つまり元々の読書家は「本を読むとどういいのか?」なんて、いまさら聞かれても、日常だから……みたいになっちゃうと思うんです。僕はそうではないから読書の効果がわかる。それを書いたのがこの本だということです。

担当編集者の企画コンセプトもよかった。「もう読書法とか速読の本なんかいっぱい出てるんで、藤原さんは教育をやった人でもあるから、本を読むとなぜいいのか、という本にしませんか」と。

それは親が子どもに聞かれてもほんとに答えづらいことで、たぶん国語の先生でもなかなか答えられないんじゃないかと。「これに答える本がないからそういう本をつくりましょう」と。これがよかったんじゃないかと思います。

本を読む人だけが手にするもの

これからは「情報編集力」がカギになる

さて、この本にも書いてますが、僕がこうした講演で、必ずお話しすることがあります。それは、これからの時代は「情報編集力」が非常に大事になるということなんです。

日本の高度経済成長時代は1997年に終わりました。山一証券、北海道拓殖銀行が倒産して、バブルが崩壊した。翌98年から成熟社会に入ったわけです。経済的にいうと、1人あたりのGDPがこの年からグッと下がっています。藻谷浩介さんの本を読むまでもなく、それを示すデータはたくさんあります。

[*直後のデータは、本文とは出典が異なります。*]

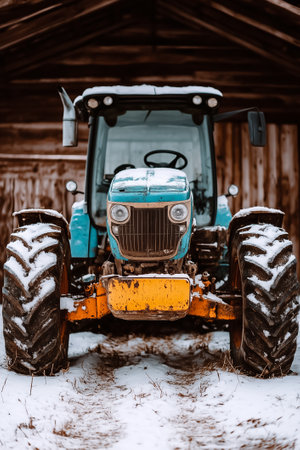 Tractor parked on snow-covered ground inside rustic barn. Slightly weathered wooden backdrop creates vintage atmosphere. Concept of agriculture, farming equipment, winter maintenance.の素材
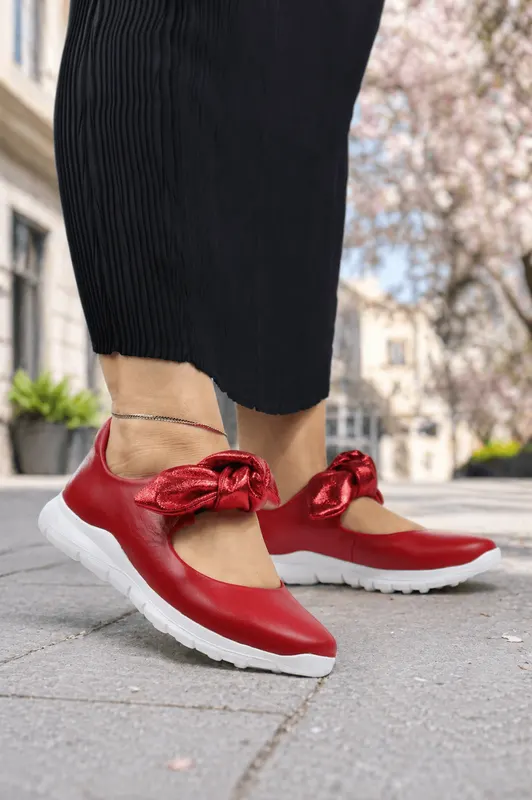 Balerini din Piele Rosi cu Accesoriu Fundita - RED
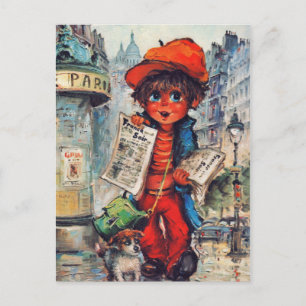 Petit Poulbot vendeur de journaux Briefkaart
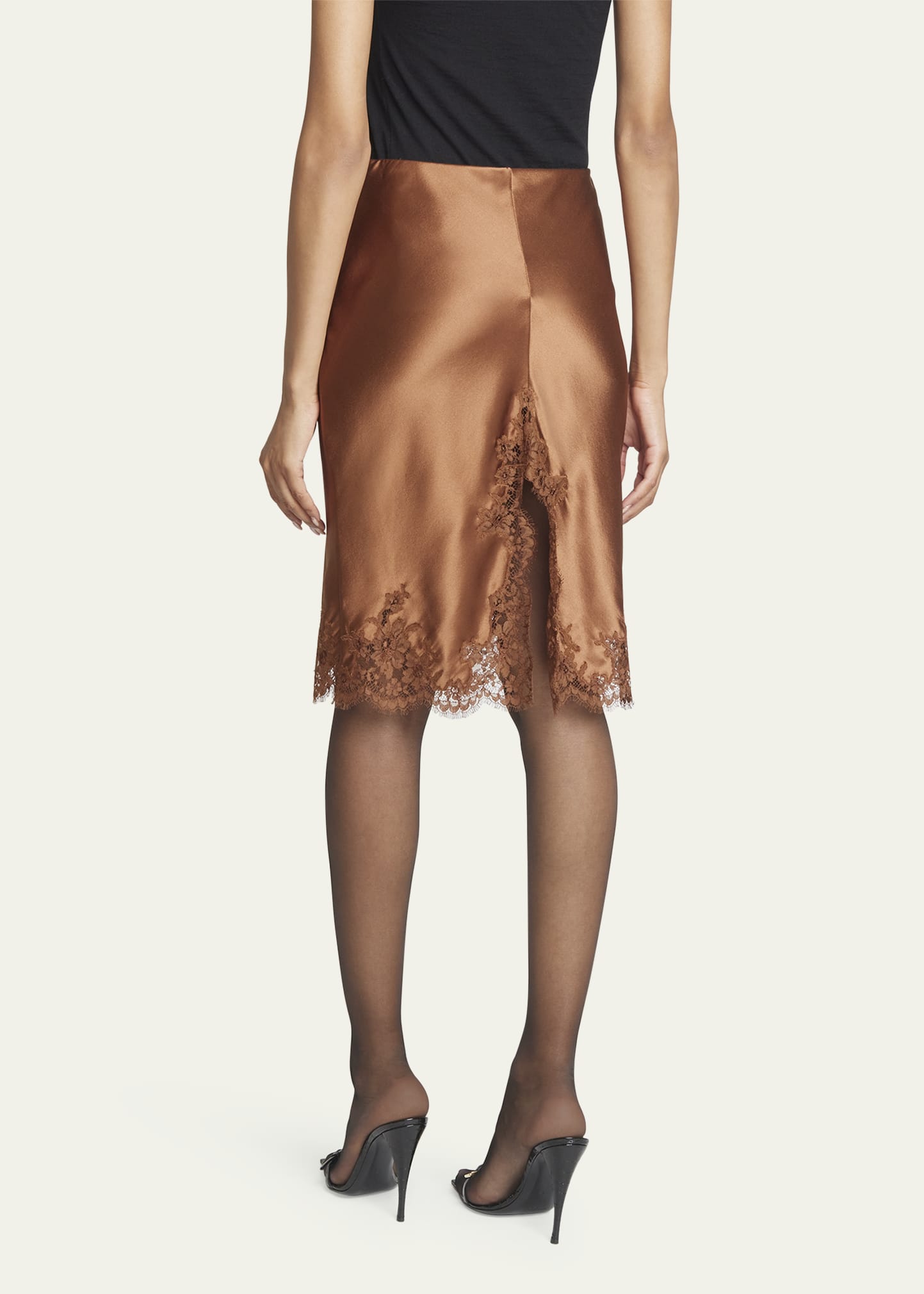 Saint Laurent Lace Trim Silk Skirt - Bergdorf Goodman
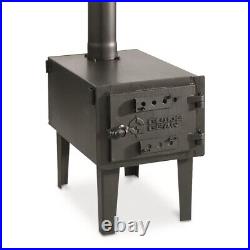 Outdoor Wood Stove Cast Iron Portable Camping Vented Tent Cooking Pipes Included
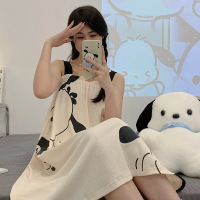 睡裙夏季吊带连衣裙无袖睡衣女甜美可爱卡通家居服宽松可外穿薄款 女XL Q65702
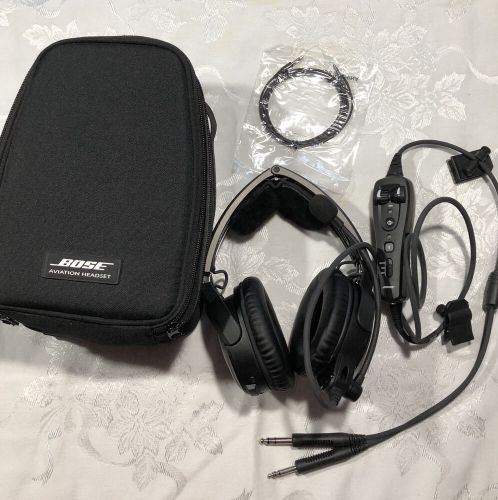 Bose a20 aviation headset with bluetooth and dual plug cable - black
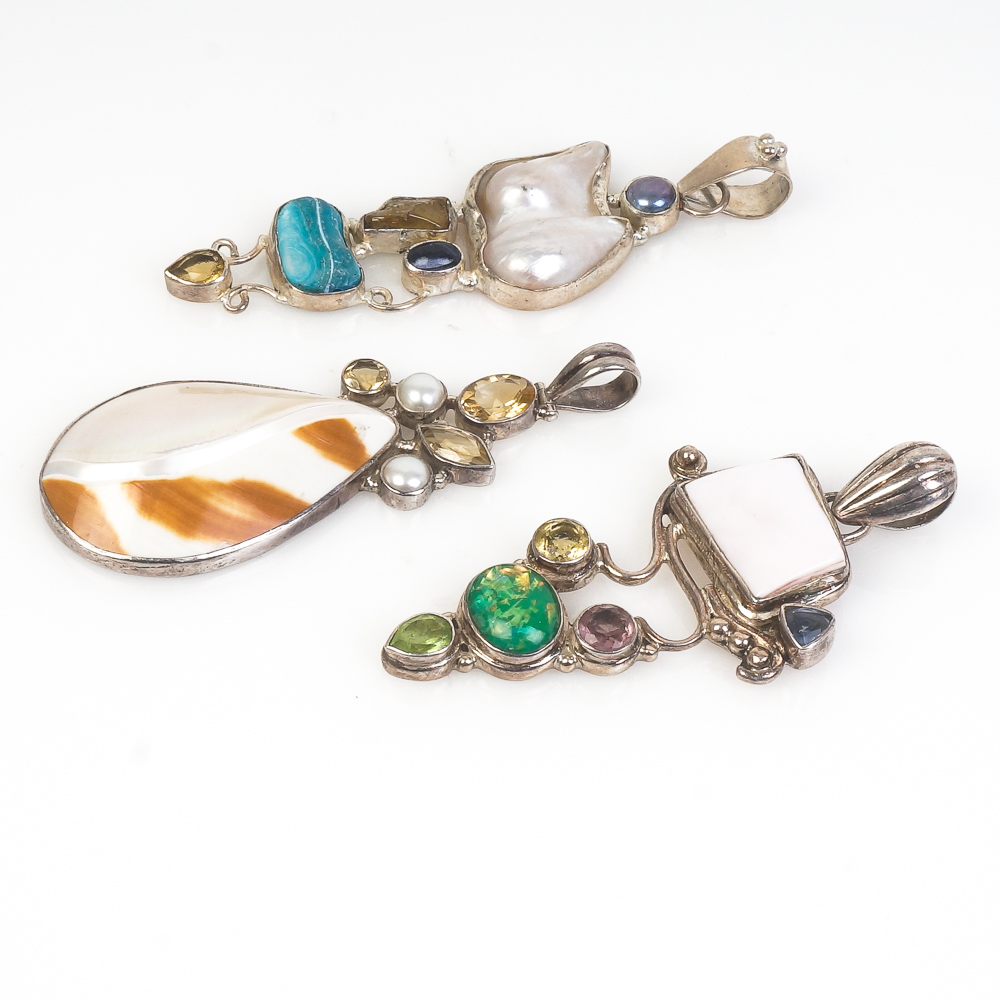 Collection of Sterling Silver and Multi-Stone Drop Pendants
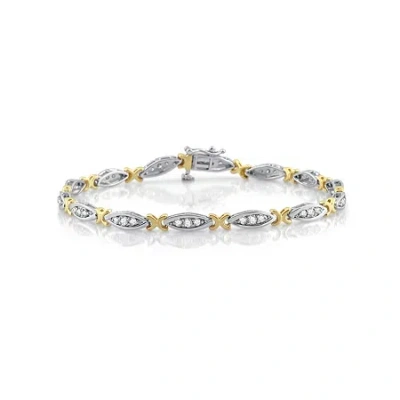 Fine Jewelry 7 1/2 Inch 1 Ct.t.w. Natural Diamond 10k Gold Link Bracelet In Transparent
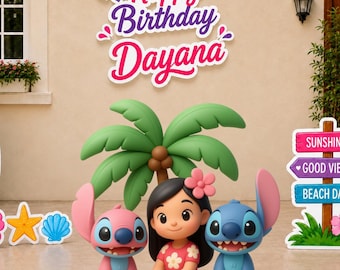 Lilo and Stitch Cutouts, Beach Hawaiian Centerpieces, Angel Standees, Kids Birthday Party Decorations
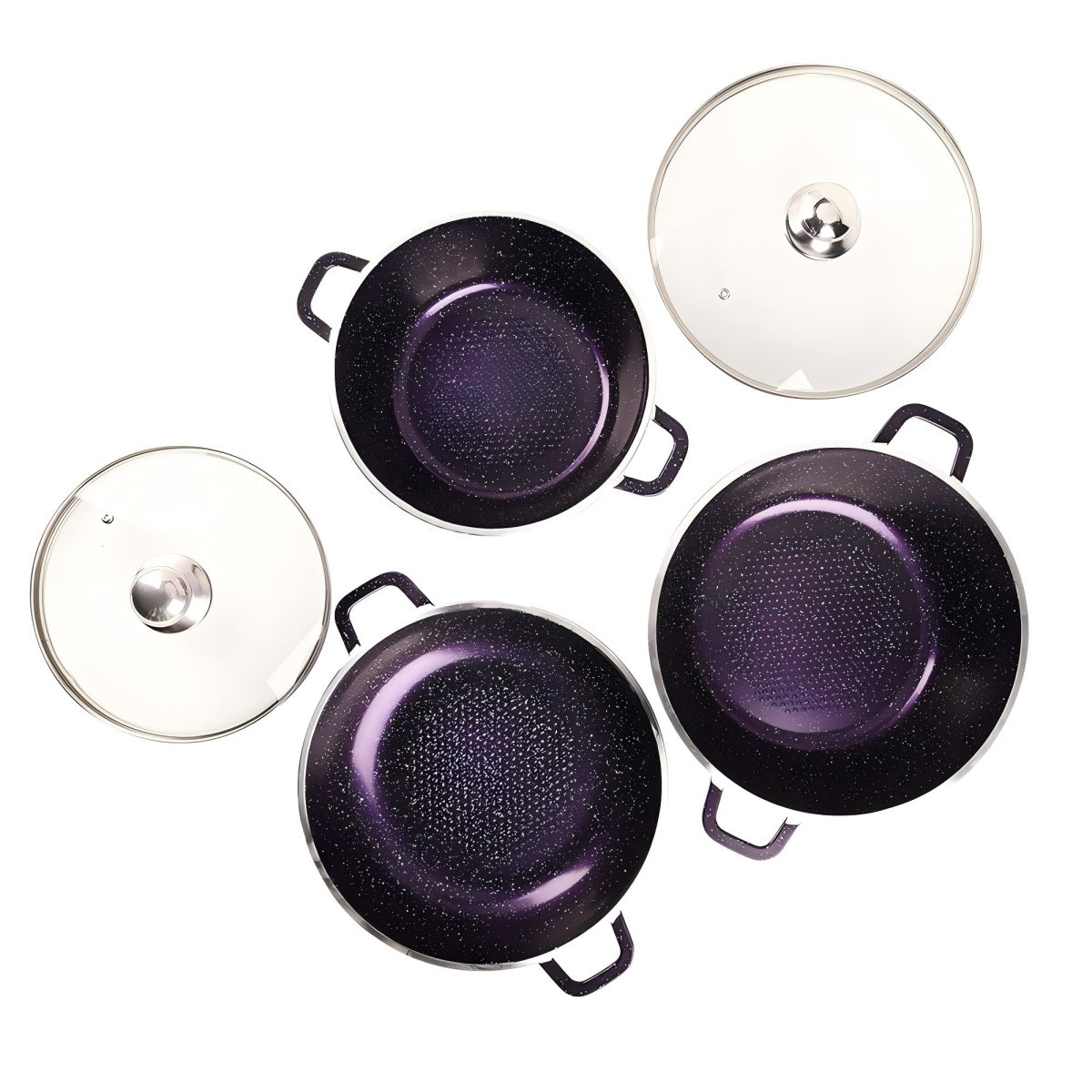 10pcs Lightning Cookware Pot Set SNCJ004 – Die-Cast Aluminum, Glass Lid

成長社会において求められたのは「情報処理力」でした。情報処理力というのは、正解があるという前提で、その正解を早く当てる力のことです。だから日本の学校教育は、情報処理力偏重、あるいは「正解主義」とも呼べるものでした。いままではこの能力が高い人がサラリーマンとしても教員としても成功してきたわけです。

ところが成熟社会に入ると、みなさんなんとなくお気づきのように、社会が複雑化して正解がひとつじゃなくなってくる。

いまみなさんが直面してらっしゃる課題もそうでしょうし、学校でもいじめの問題ひとつ取ったって正解がひとつなんてことない。ぼくは2020年代後半ぐらいからは、ほとんど正解がないような時代になると思ってます。

このような時代は、正解を当てる力よりも、いろいろな状況のなかで人と知恵を交流させながら、自分が納得し、かつ、関わる他者が納得できる解、正解じゃなく「納得解」と呼んでいますが、この「納得解」をたくさん紡ぐ力が必要になってきます。これが「情報編集力」です。

なんで「編集力」と呼ぶかというと、自分の知識、技術、経験を全部組み合わせなきゃならないからです。そのうえで、他人の知識とか経験もできたら手繰り寄せて、脳をつなげて、自分の脳を拡張して、問題を解決しなければならないからです。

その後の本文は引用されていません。